▶ **PROBLEM DESCRIPTION**:
The output is to match the entries below character for character.

▶ **DATA FOR THIS TASK**:
==================================================

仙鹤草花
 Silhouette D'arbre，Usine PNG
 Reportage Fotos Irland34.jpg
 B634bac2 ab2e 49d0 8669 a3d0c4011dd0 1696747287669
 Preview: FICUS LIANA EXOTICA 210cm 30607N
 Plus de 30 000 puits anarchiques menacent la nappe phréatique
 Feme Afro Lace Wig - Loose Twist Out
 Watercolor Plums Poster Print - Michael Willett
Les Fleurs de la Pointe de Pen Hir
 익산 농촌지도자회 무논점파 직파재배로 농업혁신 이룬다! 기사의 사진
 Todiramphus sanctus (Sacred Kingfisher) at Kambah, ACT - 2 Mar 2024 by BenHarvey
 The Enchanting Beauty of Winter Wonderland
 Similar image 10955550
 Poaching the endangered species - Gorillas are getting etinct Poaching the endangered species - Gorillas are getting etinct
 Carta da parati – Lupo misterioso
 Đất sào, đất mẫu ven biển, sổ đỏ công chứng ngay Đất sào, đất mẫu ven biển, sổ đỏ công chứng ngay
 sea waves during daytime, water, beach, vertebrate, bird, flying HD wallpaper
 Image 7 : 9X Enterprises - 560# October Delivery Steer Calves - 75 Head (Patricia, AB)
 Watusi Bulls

==================================================

▶ **TASK OUTPUT**:
仙鹤草花
 Silhouette D'arbre，Usine PNG
 Reportage Fotos Irland34.jpg
 B634bac2 ab2e 49d0 8669 a3d0c4011dd0 1696747287669
 Preview: FICUS LIANA EXOTICA 210cm 30607N
 Plus de 30 000 puits anarchiques menacent la nappe phréatique
 Feme Afro Lace Wig - Loose Twist Out
 Watercolor Plums Poster Print - Michael Willett
Les Fleurs de la Pointe de Pen Hir
 익산 농촌지도자회 무논점파 직파재배로 농업혁신 이룬다! 기사의 사진
 Todiramphus sanctus (Sacred Kingfisher) at Kambah, ACT - 2 Mar 2024 by BenHarvey
 The Enchanting Beauty of Winter Wonderland
 Similar image 10955550
 Poaching the endangered species - Gorillas are getting etinct Poaching the endangered species - Gorillas are getting etinct
 Carta da parati – Lupo misterioso
 Đất sào, đất mẫu ven biển, sổ đỏ công chứng ngay Đất sào, đất mẫu ven biển, sổ đỏ công chứng ngay
 sea waves during daytime, water, beach, vertebrate, bird, flying HD wallpaper
 Image 7 : 9X Enterprises - 560# October Delivery Steer Calves - 75 Head (Patricia, AB)
 Watusi Bulls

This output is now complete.